Treasury Yields Decline After 10-Year Fails Again to Reach 5%

Treasury yields declined in US trading Friday, paring weekly increases that pushed the 10-year note’s nearly to 5%, as investors showed interest in risk-free rates at multiyear highs against a backdrop of escalating warfare in the Middle East.

After being spurred to the highest levels since at least 2007 this week, most US government bond yields declined by at least 5 and as much as 10 basis points. The 10-year’s traded near 4.91% after touching 4.993% earlier Friday. It remained higher on the week by about 30 basis points, among the biggest moves in the past five years.

Catalysts for higher yields this week included stronger-than-anticipated retail sales data released Oct. 17 that pushed up expectations for another Federal Reserve interest-rate hike as inflation continues to exceed the central bank’s target. Short-term yields began tumbling yesterday after Fed Chair Jerome Powell hinted that the Federal Open Market Committee is unlikely to raise rates in November, at least.

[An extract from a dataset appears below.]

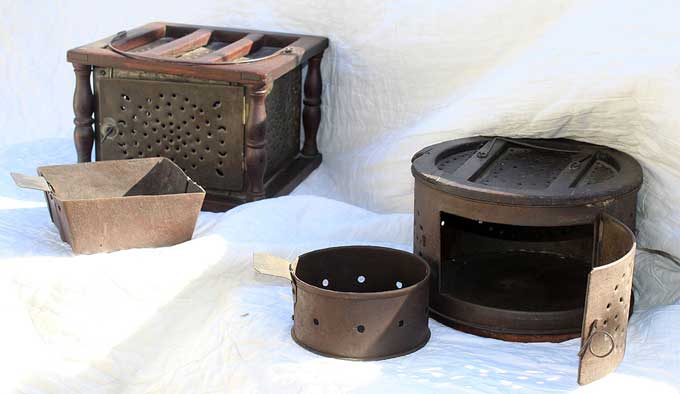 Foot Warmers - A large foot warmer alongside a rare round foot warmer with their respective metal boxes to contain the coals.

The conflict in the Middle East is adding to demand for haven assets including Treasuries, and pushing up crude oil prices.

Bond investors “do not have to worry about the FOMC for the foreseeable future, and now their focus has shifted” to geopolitics, said Tony Farren, managing director in rates sales and trading at Mischler Financial Group. Also, “the Treasury market was oversold.”

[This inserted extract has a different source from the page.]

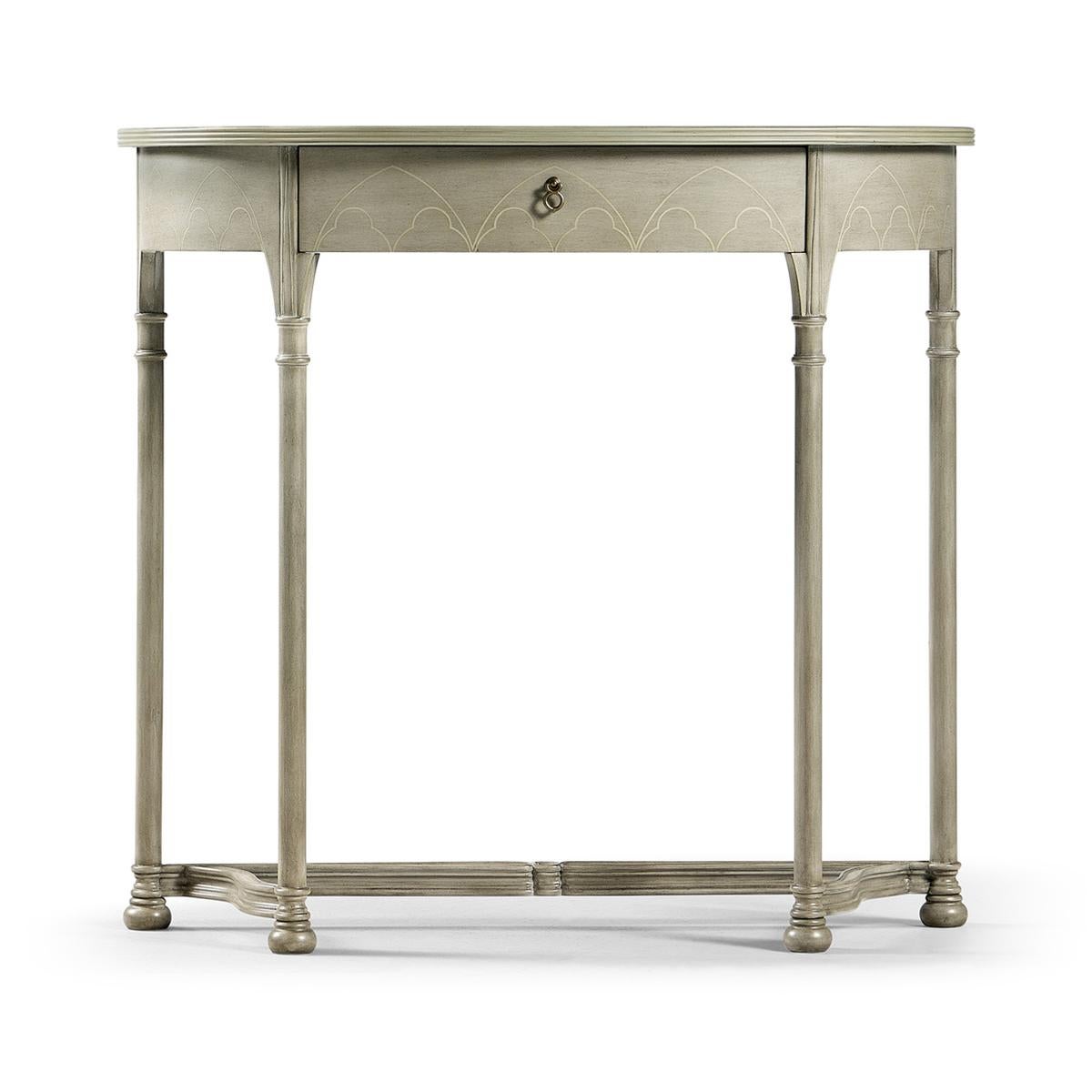 A Gothic painted console table with an antique grey finish, in an 18th-century gothic style, the demilune half-round form with fine contrasting inlays to the top and frieze, and legs with painted running floral motifs and arches.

US 10-Year Yield's Weekly Increase Is Among Biggest

Since the retail sales data pushed the market-implied chances of another Fed rate increase this year toward 60%, those odds have dipped back to about one-in-three, with January given a somewhat higher probability of about 40%.

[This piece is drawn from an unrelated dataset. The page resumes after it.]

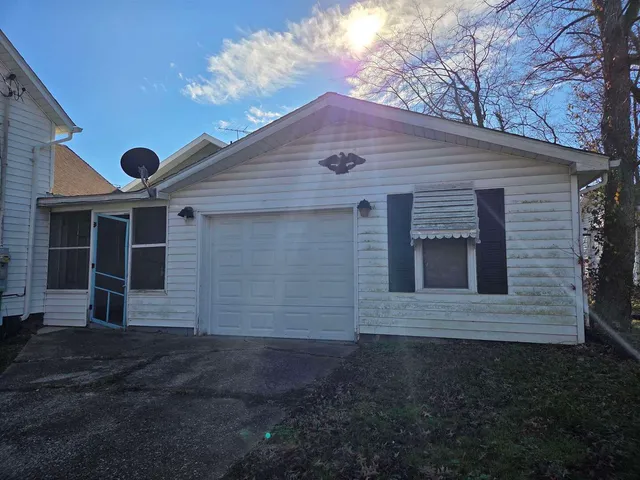 an empty room with windows and entrance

Bank of America interest-rate strategists, in changing their forecast for another rate hike to December from November, said part of the thinking on January was that a possible US government shutdown could delay the production of economic data the Fed relies on for decision-making.

The Fed is seen keeping its policy rate at the peak level through mid-2024, according to pricing in the swaps market.

“At the end of the day, ‘higher for longer’ is negative for risk assets,” said Kathy Jones, Charles Schwab’s chief fixed-income strategist. “Ahead of the weekend with so many risks on the table, it looks like traders are squaring up and taking to the sidelines.”